Recorde-se que, como se soube há dias, o número de bolsas de doutoramento atribuído pela Fundação para a Ciência e a Tecnologia (FCT) sofreu uma queda de 40% em relação ao ano anterior e que o das bolsas de pós-doutoramento diminuiu 65%.

Nurse não foi o primeiro nem o último a referir-se directa e duramente, ao longo de uma conferência organizada pela Fundação Francisco Manuel do Santos (FFMS) sobre o tema “ciência, cultura e inovação”, aos recentes cortes do financiamento público da ciência em Portugal. 

Logo no início, enquanto dava as boas-vindas aos intervenientes perante uma sala cheia, o reitor da UL, António Cruz Serra, evocou durante alguns minutos “o enorme ataque às universidades e o desinvestimento na ciência”, achando que “as circunstâncias exigiam que fizesse este discurso”. Também o sociólogo António Barreto, presidente da FFMS, argumentou na sua curta intervenção que “embora nada nem ninguém escape aos cortes, o que em certo sentido é justo, a austeridade excessiva pode causar mais estragos do que benefícios”.
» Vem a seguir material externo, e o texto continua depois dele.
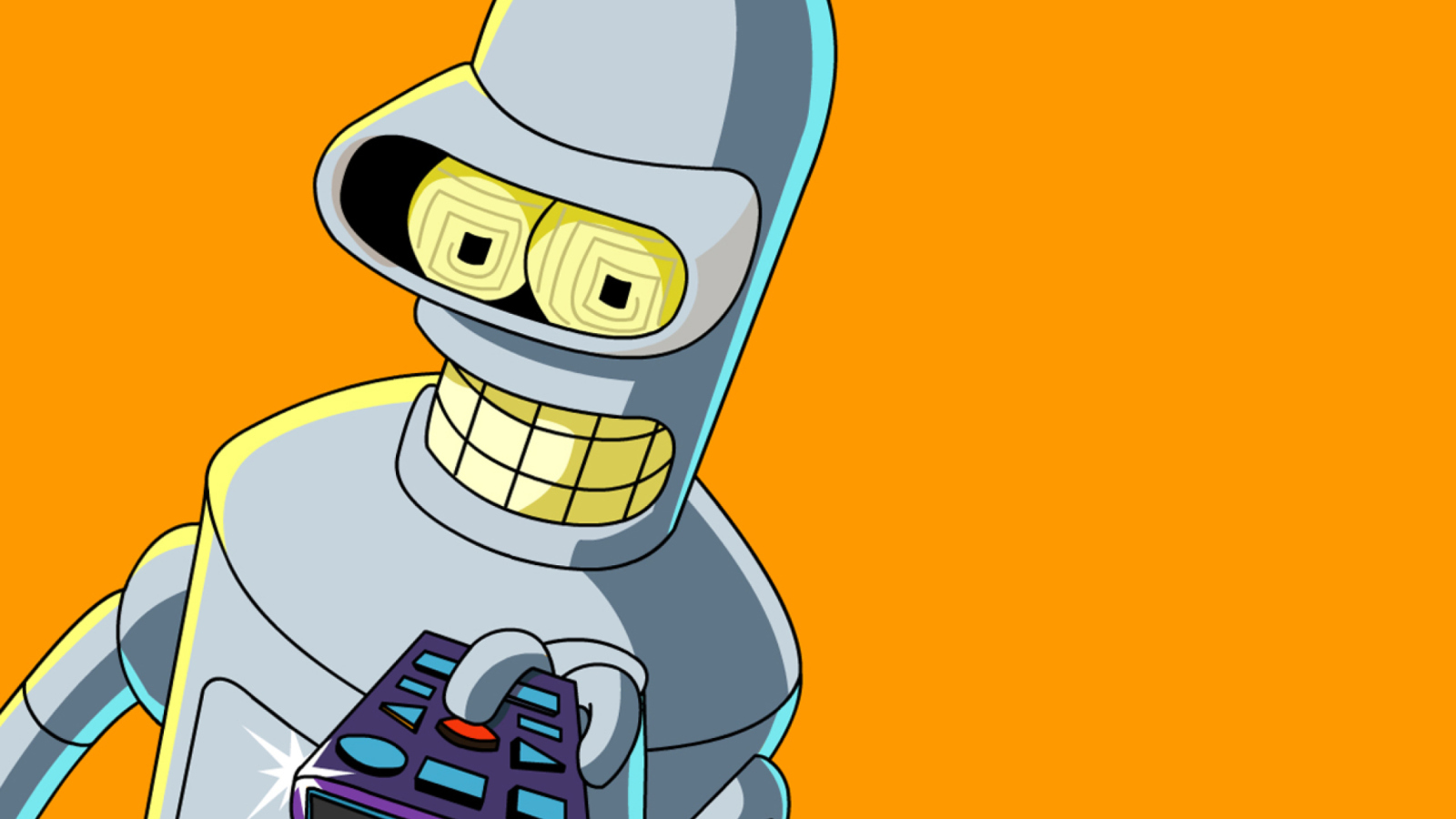 Futurama Bender screenshot #1 1600x900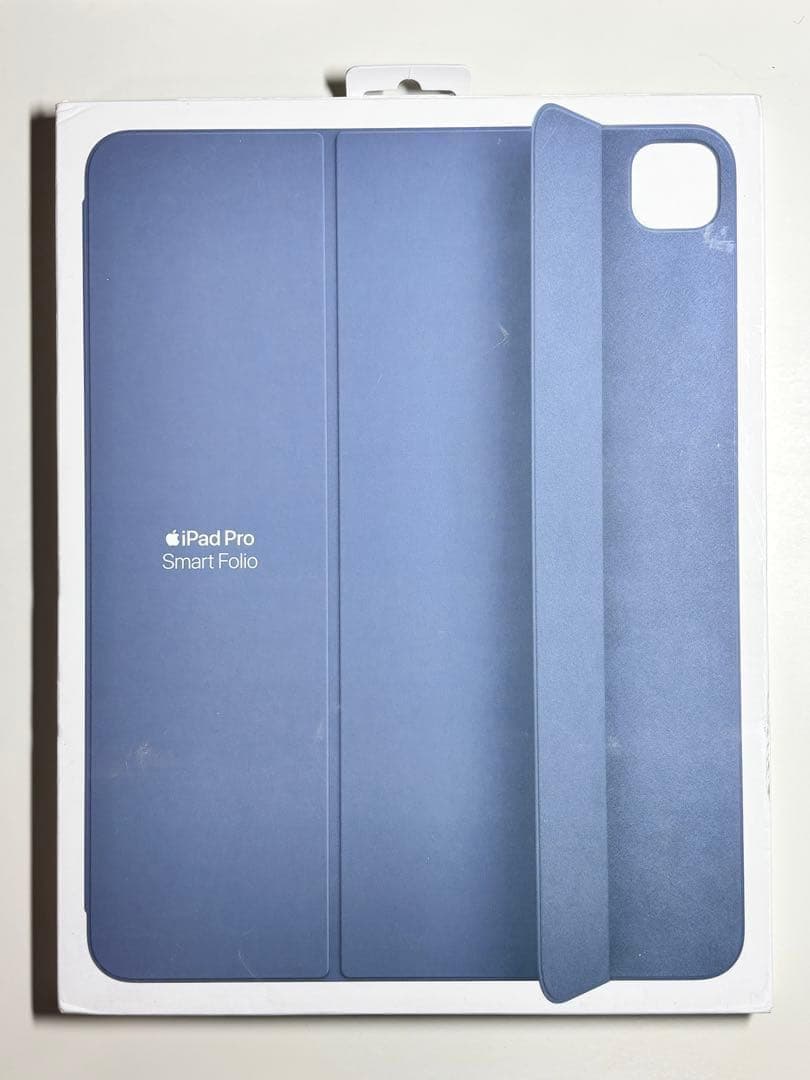 【新品】13インチ iPad Pro用スマートフォリオ・デニム② Apple 13インチiPad Pro(M4)用 Smart Folio MWK43FE/A [デニム] 価格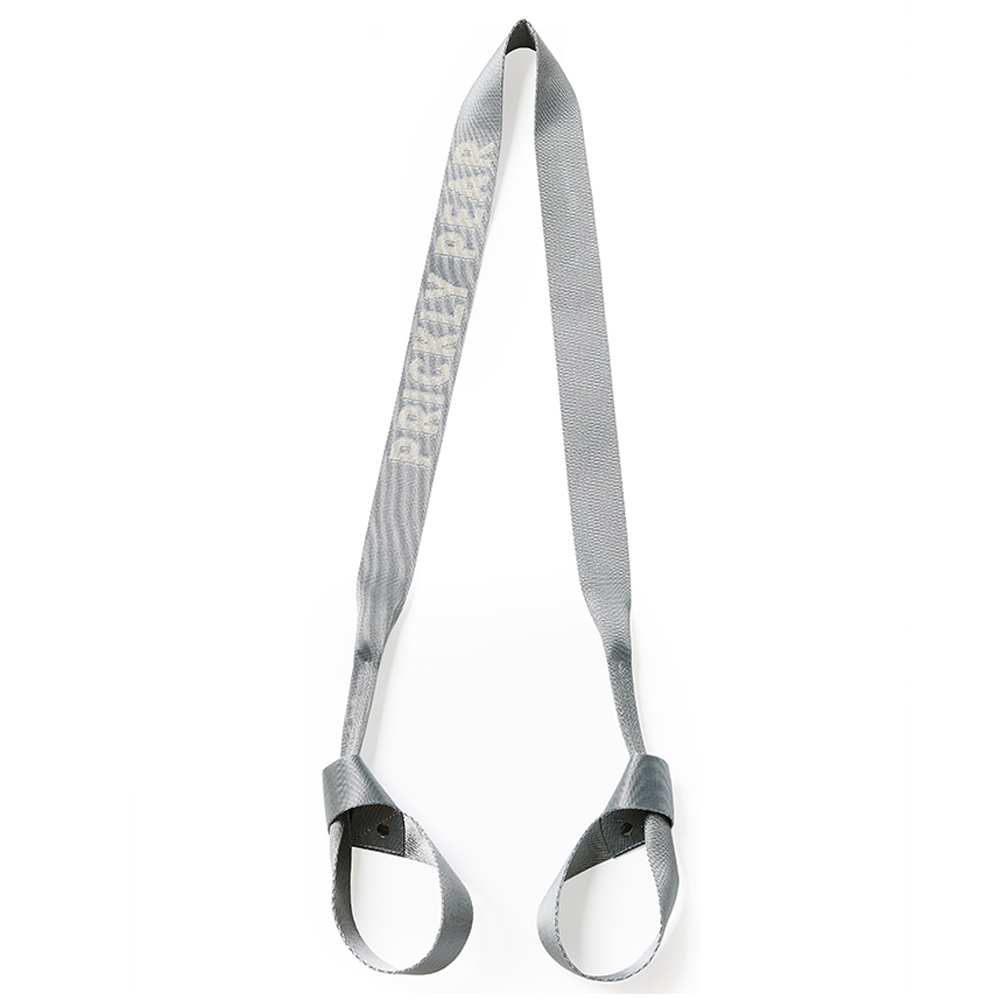 بريكلي بير - حصيرة يوغا باور غير قابلة للانزلاق جلد سويد مع حزام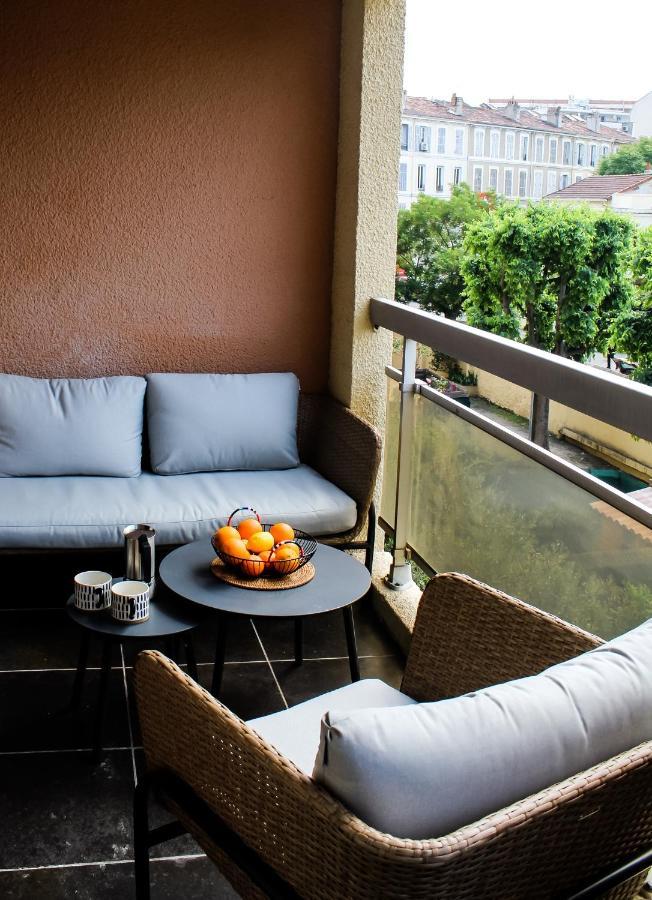 Charment Appartement A Marseille - Prado A/C Luaran gambar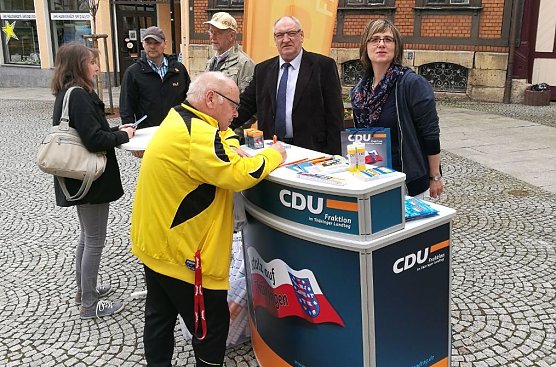 Station in Bleicherode (Foto: CDU)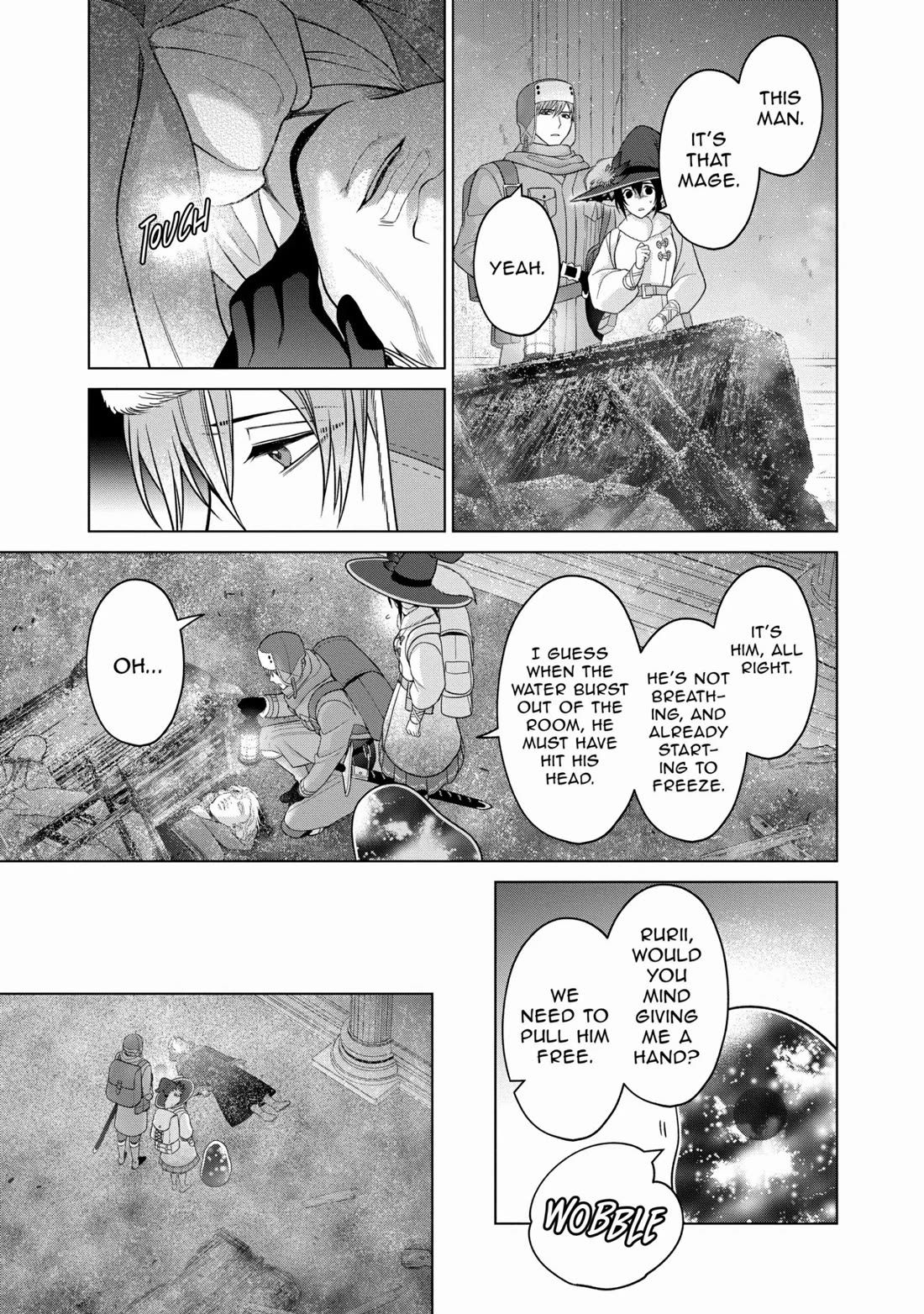 Life in Another World as a Housekeeping Mage Chapter 35 page 31 - Chapter 35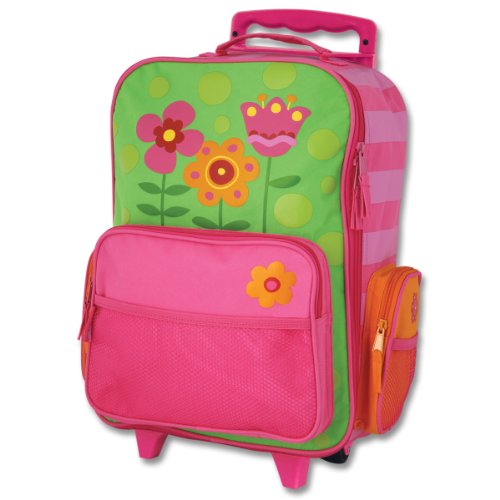 Stephen Joseph Little Girls’ Rolling Luggage All Travel Bag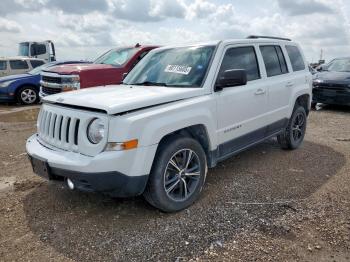  Salvage Jeep Patriot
Mais tarde, Paul Nurse faria notar ainda que “quando se corta do lado das descobertas científicas, rapidamente se perde a inovação a curto prazo”, qualificando quem acredita o contrário de “ingénuo”.

 José Brandão de Brito, do Instituto Superior de Economia e Gestão, foi outro orador que não quis deixar de salientar oportuna a realização da conferência num momento em que a ciência “acaba de receber um enorme e violento golpe – talvez o maior desde que recuperámos a democracia em 1974”.

 Já à margem do evento, Carlos Salema, que foi presidente da JNICT (antecessora da FCT) entre 1989 e 1992, disse ao PÚBLICO que o que está a acontecer é “sobretudo uma alteração profunda” de uma situação que já existia, mas que está agora a ser feita “com pouco cuidado”. “Claro que não concordo!”, exclamou. “Passar de mil bolsas [de doutouramento] para 300!”. 

Graça Carvalho, ex-ministra da Ciência de Durão Barroso e hoje eurodeputada, mostrou-se mais moderada, mas disse-nos, contudo, que o corte “deveria ter sido mais gradual” e que “em altura de crise faz mais sentido continuar com mais bolsas individuais do que ter tantos cursos doutorais”, fazendo referência às novas bolsas criadas pelo Governo em 2012 e que são atribuídas pelas universidades aos seus candidatos a doutoramento. “É mais barato e [as bolsas individuais] chegam mais depressa às pessoas.”

 Elvira Fortunato, da Universidade Nova de Lisboa, desenvolveu há uns anos o primeiro transístor em papel. E a área em que trabalha – engenharia dos materiais – foi considerada pela União Europeia como uma das mais competitivas em Portugal. Porém, também não escapou aos cortes. “Acho que o corte foi muito drástico”, disse-nos. “E foi transversal”, acrescenta – em todas as áreas, de forma indiscriminada. “No ano passado, a área [dos materiais] teve 54 bolsas de doutoramento; este ano foram nove, com a desculpa de que havia os planos [bolsas] doutorais.” Mas essas são ainda menos – apenas seis – o que corresponde a uma quebra de mais de 70%.